Data excerpts
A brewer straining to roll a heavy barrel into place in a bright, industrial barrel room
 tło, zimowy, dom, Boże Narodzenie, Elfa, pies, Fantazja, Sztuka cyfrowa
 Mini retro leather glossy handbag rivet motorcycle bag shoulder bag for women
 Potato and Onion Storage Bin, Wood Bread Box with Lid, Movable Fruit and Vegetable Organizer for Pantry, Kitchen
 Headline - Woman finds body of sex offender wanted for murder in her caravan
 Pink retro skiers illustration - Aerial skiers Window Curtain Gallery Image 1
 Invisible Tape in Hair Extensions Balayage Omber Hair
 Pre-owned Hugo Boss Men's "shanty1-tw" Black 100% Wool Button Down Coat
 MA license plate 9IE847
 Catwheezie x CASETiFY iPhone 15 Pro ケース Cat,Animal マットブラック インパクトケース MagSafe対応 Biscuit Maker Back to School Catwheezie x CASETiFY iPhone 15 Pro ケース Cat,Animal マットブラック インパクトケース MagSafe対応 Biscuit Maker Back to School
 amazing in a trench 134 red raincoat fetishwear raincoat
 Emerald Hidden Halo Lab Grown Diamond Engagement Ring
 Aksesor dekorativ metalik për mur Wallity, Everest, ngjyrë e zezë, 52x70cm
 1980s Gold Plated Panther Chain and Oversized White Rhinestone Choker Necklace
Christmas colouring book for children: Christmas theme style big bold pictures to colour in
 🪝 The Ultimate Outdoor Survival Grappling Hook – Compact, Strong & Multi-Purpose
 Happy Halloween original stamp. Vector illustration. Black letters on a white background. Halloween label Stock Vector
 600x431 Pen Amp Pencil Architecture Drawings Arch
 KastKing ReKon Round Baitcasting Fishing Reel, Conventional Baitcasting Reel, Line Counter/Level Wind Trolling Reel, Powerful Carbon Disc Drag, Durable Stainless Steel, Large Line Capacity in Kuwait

● YOUR GOAL:
The response must hold only the lines above from the line with "MA license plate 9IE847" through the line with "amazing in a", each copied exactly, both ends kept.

● TASK RESULT:
 MA license plate 9IE847
 Catwheezie x CASETiFY iPhone 15 Pro ケース Cat,Animal マットブラック インパクトケース MagSafe対応 Biscuit Maker Back to School Catwheezie x CASETiFY iPhone 15 Pro ケース Cat,Animal マットブラック インパクトケース MagSafe対応 Biscuit Maker Back to School
 amazing in a trench 134 red raincoat fetishwear raincoat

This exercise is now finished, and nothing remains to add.